At that time, however, Popov was by no means as sure of himself as Asafiev. While working on the Chamber Symphony in 1926 the 22-year old composer wrote: 'My mind is increasingly tormented by thoughts of the scenic-musical (symphonic) form that I have not yet found. I am searching for the subject and the form.' He was to find both - in such a convincing manner that, within a couple of years, he could enjoy considerable international success with the work. In a letter from Berlin dated 22nd September 1930, the conductor Leo Ginzburg wrote to Popov that a performance of the latter's First Symphony was: 'virtually a certainty here, as we have just succeeded in having your Septet played in Stuttgart, where it enjoyed great success and I was asked what else this composer had written'. In fact Nikolai Maiko, Otto Klemperer, Hermann Scherchen and Erich Kleiber were soon to scramble to perform the symphony in Prague and Berlin because, owing to the enormous success of the Septet, the composer soon became better-known in Germany than he is today.
Popov chose an instrumental combination that offers great amplitude of sound from a small number of performers. Flute, clarinet and bassoon cover the entire woodwind register; violin, cello and double bass cover that of the strings; and a trumpet provides the additional tonal colour of brass. The first movement, Moderato cantabile, begins with a lyrical flute melody above a pedal point on E (only towards the end of the movement does this emerge as the dominant of A minor, the parallel key of C major). A signal from the muted trumpet announces the more lively subsidiary theme, which leads straight into a sort of development. After this we arrive at the main key, C major and, after a meditative dialogue between flute and violin, the latter presents a shortened recapitulation. The movement ends, surprisingly, in A minor.
The scherzo - a merry, highly virtuoso, contrapuntal piece - begins with a trumpet fanfare in A minor; at first the music is principally reserved for the woodwind instruments. The trio is considerably slower and contains beautiful lyrical writing from the flute, violin and clarinet in turn. The reprise ends with a surprising, elegant device.

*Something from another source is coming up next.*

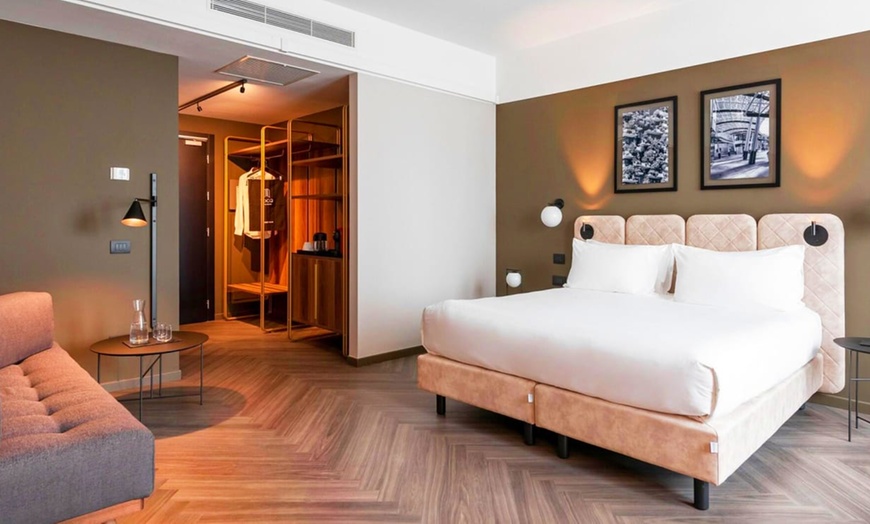 Image 1: ✈ ITALIE | Milan - Tocq Hotel 4* - City break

The Largo cantabile begins with a broadly conceived melody, at first from the cello, which rises up, is taken over by the violin, and then sinks back again. In the subsidiary section the violin plays a theme in the high register above a succession of chords from the other instruments - a lyrical passage of rare beauty that is interrupted by an interlude with strange, jazzy rhythms. The main theme appears again and, this time, is developed further - until the lyricism of the middle section is taken up again, this time serving as a coda.
The finale is a free rondo with the tempo marking Allegro energico, beginning in a metrically regular B flat major; these motoric rhythms characterise the entire movement.
The trumpet plays an extremely concise theme with an easily memorable ascending chromatic contour. The flute involves itself playfully in the action, and the theme is then taken up by the strings. A slow intermezzo follows, its theme played in turn by the flute, violin and trumpet. With the entry of the clarinet the tempo becomes slower, and via a diminuendo it comes to a halt completely. The double bass now plays the main theme, pizzicato, and a sort of development leads to the reappearance of the trumpet. A short new intermezzo is inserted and then the main theme is played by all the strings. A coda follows, with the clear aim of reestablishing the basic key of C major. This happens with plenty of aplomb, and the work ends with refreshing vigour.